In 2021, the central bank, in a bid to achieve its mandate of safeguarding the value of the local currency, ensuring financial system stability, and shoring up external reserves, announced the immediate discontinuance of foreign currency sales to Bureau de Change (BDC) operators in the country.

However, the resumed intervention, which would reportedly commence today for funding as well as Tuesday for collection, will see the apex bank inject FX into the subsector in a bid to rescue the naira from further depreciation against major currencies, particularly the US Dollar.
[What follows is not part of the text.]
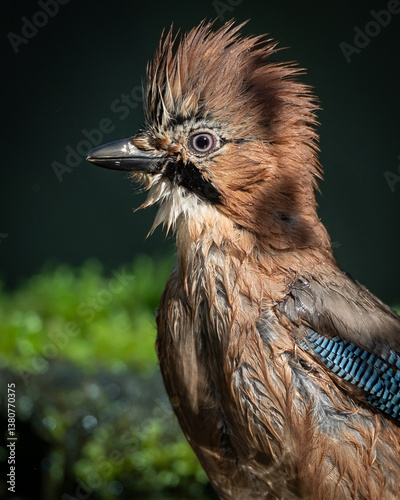 Obraz na płótnie Bird - Eurasian Jay Garullus glandarius, bird bathes and drinking water in a forest pool, spring time w salonie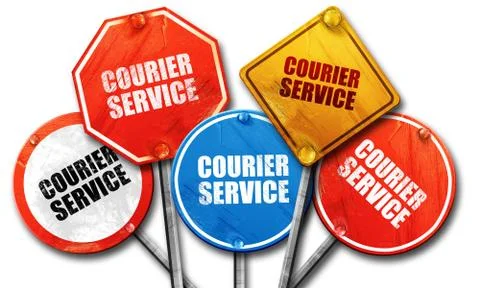 Courier service, 3D rendering, street signs Stock Illustration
The collection will be at designated CBN branches in Lagos, Abuja, Kano, and Awka, while details of the naira accounts to be credited for funding bidding will also be made available today.

CBN is also expected to publish the list of eligible BDCs to benefit from its funding using certain compliance criteria.National Executive Council of Association of Bureau De Change Operators of Nigeria (ABCON) hinted on the latest developments through a memo to its members over the weekend.

The association also warned members that it will no longer be business as usual under the new supervisory regime of the central bank, as any infringement or infraction would result in outright revocation of license and prosecution.

ABCON said through the association’s various engagements with the central bank, in conjunction with ABCON’s strategic partners, CBN had agreed to its request, under the bank’s supervision, to inject liquidity into the market through a weekly intervention beginning today.

CBN assured ABCON that the new circular on the Revised Regulatory and Supervisory Guidelines to BDCs, which was introduced over the weekend, was only a draft exposure that required the association’s inputs before the release of the final guidelines by the apex bank.

To that effect, the letters of the guidelines were not cast in stone, the association’s leadership told its members, who had been worried over the sweeping reforms in the document, which, among other things, prescribed N2 billion and N500 million minimum capital for national and state BDCs, respectively.